Given material:

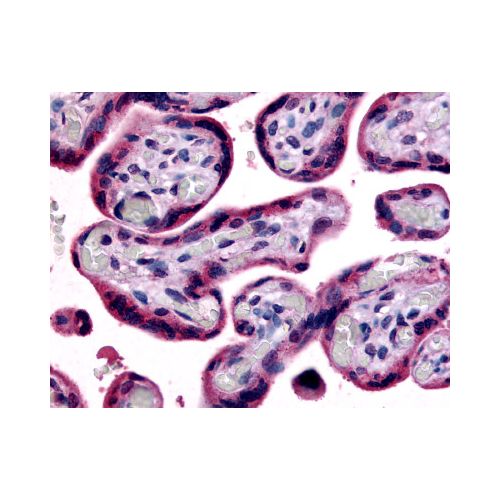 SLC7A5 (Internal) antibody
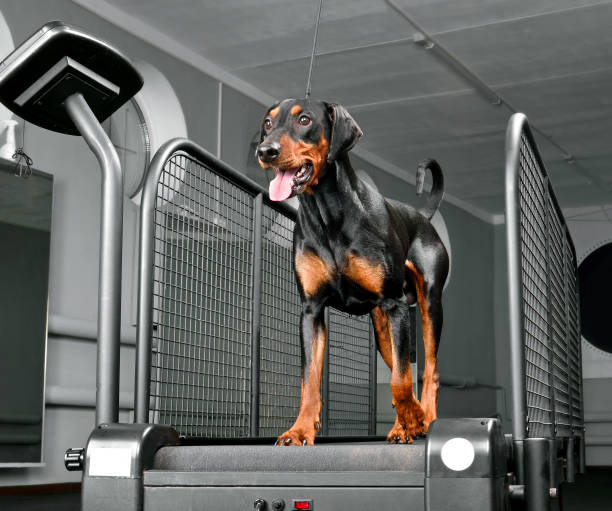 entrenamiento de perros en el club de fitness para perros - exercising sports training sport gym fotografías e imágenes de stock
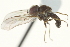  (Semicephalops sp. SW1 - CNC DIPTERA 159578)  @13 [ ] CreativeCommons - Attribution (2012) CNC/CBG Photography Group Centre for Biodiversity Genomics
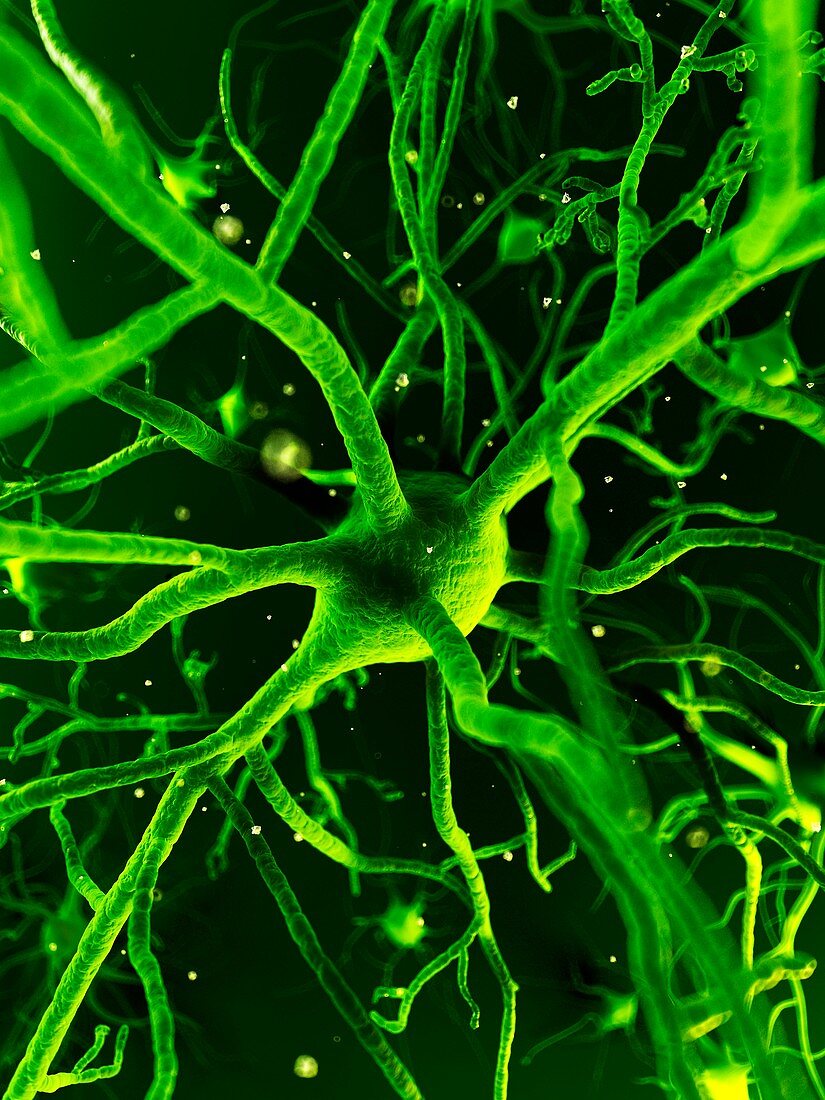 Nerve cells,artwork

Exercise directions: Set the whole listing down again unchanged, apart from the pictures, which are omitted.

Answer box:
 SLC7A5 (Internal) antibody
 entrenamiento de perros en el club de fitness para perros - exercising sports training sport gym fotografías e imágenes de stock
  (Semicephalops sp. SW1 - CNC DIPTERA 159578)  @13 [ ] CreativeCommons - Attribution (2012) CNC/CBG Photography Group Centre for Biodiversity Genomics
 Nerve cells,artwork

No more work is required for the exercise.